**Assignment**
Write out every line below again exactly as it stands, skipping each image.

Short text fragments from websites

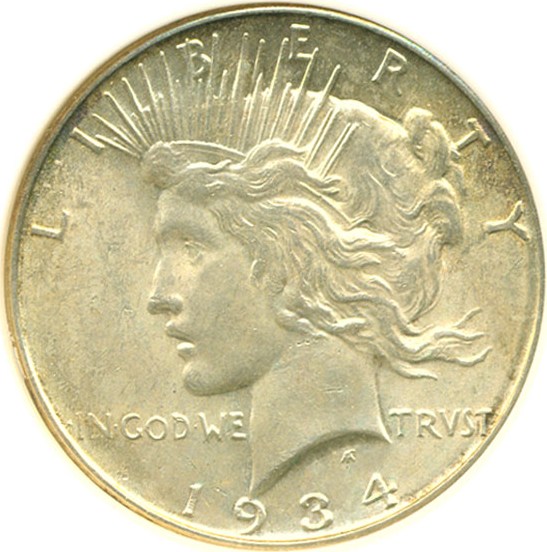 image for: Top 50 VAM: 1934-D $1 VAM 3  DD Obv ANACS MS62 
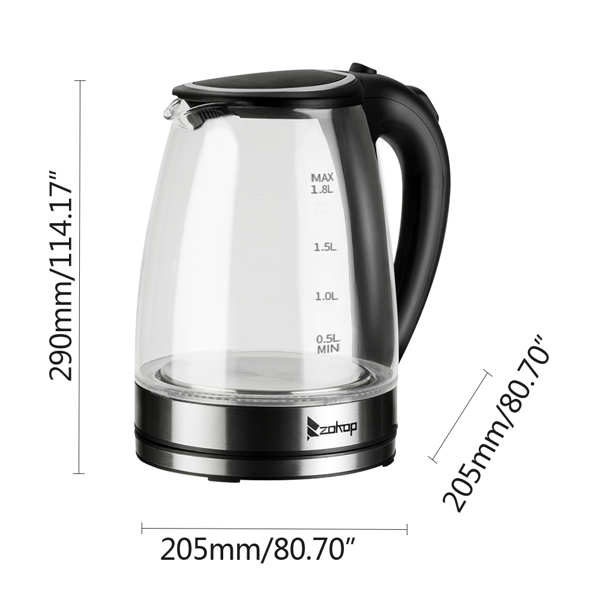 ZOKOP HD-1857-A 220V 2200W 1.8L Electric Glass Kettle EU Plug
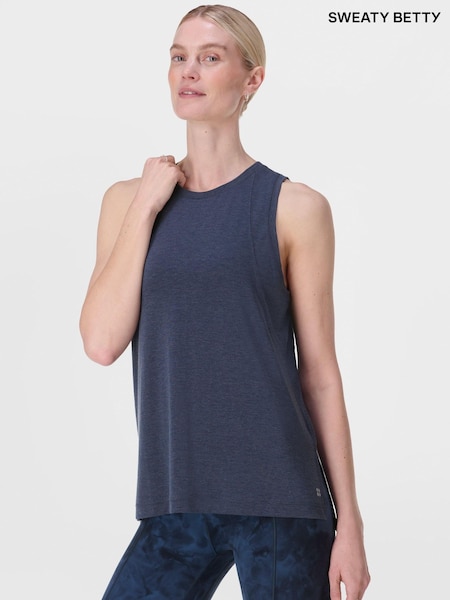 Sweaty Betty Blue Soft Flow Studio Longline Tank Top (W87367) | £45
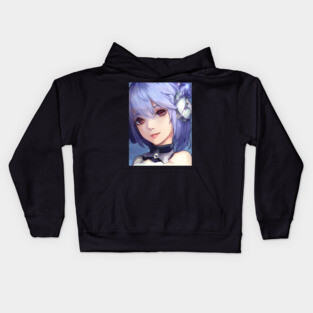 Anime Blue Hair Kids Hoodie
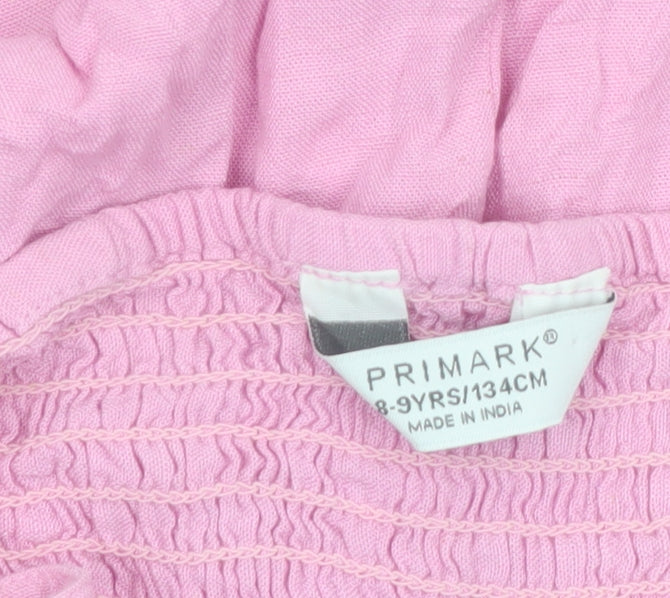 Primark Girls Pink Cotton Sleeveless Smocked Summer Tank Dress 8-9 Years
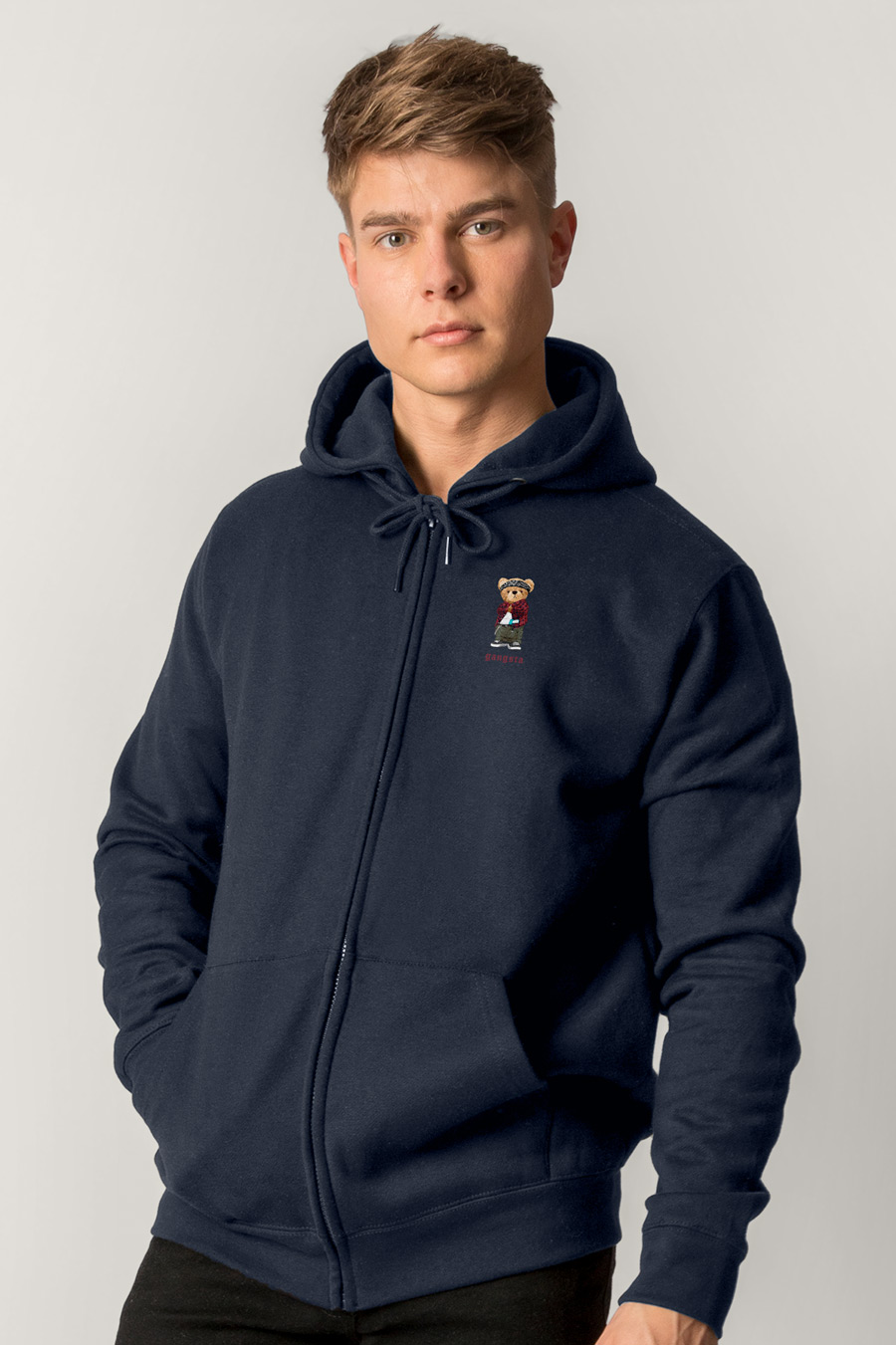 Levně Mikina s Kapucí na Zip, Barva Modrá, s Potiskem Gangsta Teddy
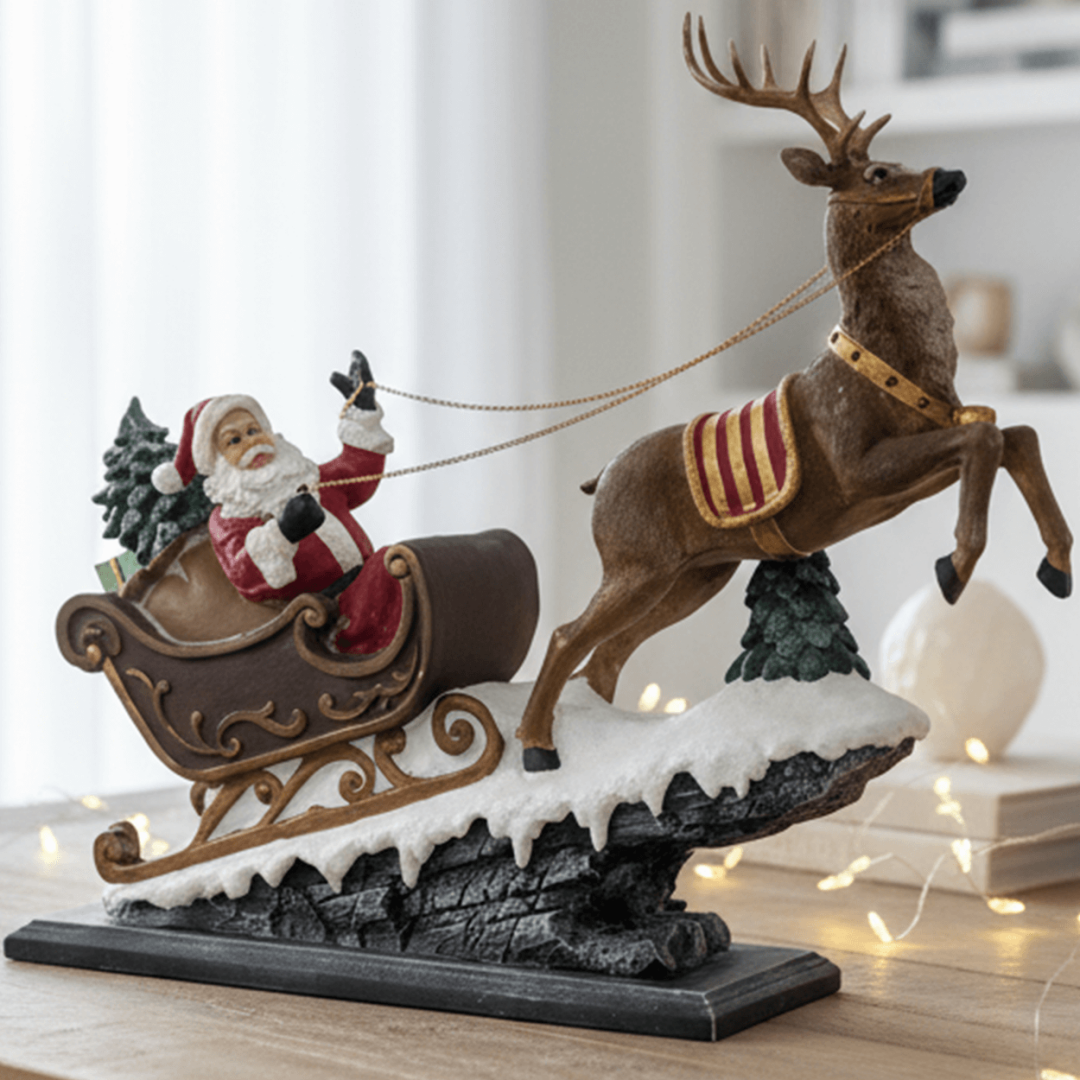 Dekoratif Yılbaşı Noel Baba Heykeli Kızaklı Obje Biblo (54x50cm) - 2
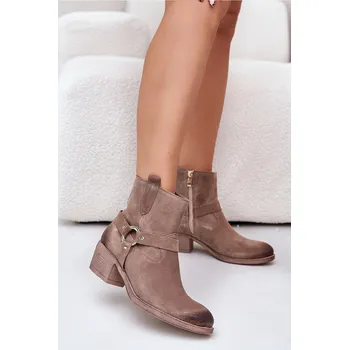 Dámská zimní obuv Boty na podpatku model 201176 Step in style béžový 39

**Answer box**
 image for: Top 50 VAM: 1934-D $1 VAM 3  DD Obv ANACS MS62 
 ZOKOP HD-1857-A 220V 2200W 1.8L Electric Glass Kettle EU Plug
 Sweaty Betty Blue Soft Flow Studio Longline Tank Top (W87367) | £45
 Anime Blue Hair Kids Hoodie
 Primark Girls Pink Cotton Sleeveless Smocked Summer Tank Dress 8-9 Years
 Levně Mikina s Kapucí na Zip, Barva Modrá, s Potiskem Gangsta Teddy
 Dekoratif Yılbaşı Noel Baba Heykeli Kızaklı Obje Biblo (54x50cm) - 2
 Dámská zimní obuv Boty na podpatku model 201176 Step in style béžový 39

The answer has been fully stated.